By Order of the Board

Zhang Rong Xing

Company Secretary

Shenzhen, the PRC, 18th January, 2001

Notes:

1. Eligibility for Attending the AGM

Shareholders of the Company whose names appear on the registers of shareholders of the Company at the close of business on 5th February 2001 shall have the right to attend the AGM after complying the necessary registration procedures.

2. Registration procedures for attending the AGM

i. Shareholders intending to attend the AGM should deliver to the Company, on or before 5th February 2001, either in person, by post or by fax, the reply slip (together with any required registration documents) for attending the AGM

ii. Register of H Share holders of the Company will be closed from 5th February 2001 to 6th March 2001 (both days inclusive), during which period no transfer of H shares will be registered. Holders of H Shares of the Company who intend to attend the AGM must deliver their instruments of transfer together with the relevant share certificates to HKSCC Registrars Limited ("HKSCC"), the registrar of H Shares of the Company, at or before 4:00 p.m. on Monday, 5th February 2001.

3. Proxy

i. Shareholders entitled to attend the AGM are entitled to appoint, in written form, one or more proxies to attend and vote on behalf of him. A proxy needs not be a shareholder of the Company.

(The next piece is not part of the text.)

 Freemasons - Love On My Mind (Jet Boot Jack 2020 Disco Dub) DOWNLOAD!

ii. A proxy should be appointed by written instrument signed by the appointor or his attorney. If the written instrument is signed by the attorney of the appointor, the written authorization or other authorization documents of such attorney should be notarized. In order to be valid, for shareholders of domestic capital shares, the written authorization or authorization documents which have been notarized together with the completed proxy form must be delivered to the Company 24 hours before the time of the holding of the AGM. In order to be valid, for shareholders of H Shares, the above documents must be delivered to HKSCC within the same period.

iii. If a shareholder appoints one or more proxies, the proxies shall not have the right to vote individually on a show of hands.

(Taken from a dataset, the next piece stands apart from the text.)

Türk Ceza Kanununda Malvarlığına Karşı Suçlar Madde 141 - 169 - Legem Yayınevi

iv. Shareholder or his proxy should produce identify proof when attending the AGM.

4. Other businesses

i. The duration of the AGM is expected not to exceed one day. Shareholders who attend the AGM shall arrange for food and accommodation at his own cost.

ii. Address of HKSCC Registrars Limited:

2/F, Vicwood Plaza

199 Des Voeux Road Central

Hong Kong

iii. Address of the Company:

19/F, Tower A, United Plaza

No. 5022 Binhe Road North

Shenzhen, 518026 PRC

Telephone: (86) 755-2710588

Facsimile: (86) 755-2710696

Please also refer to the published version of this announcement in the South China Morning Post.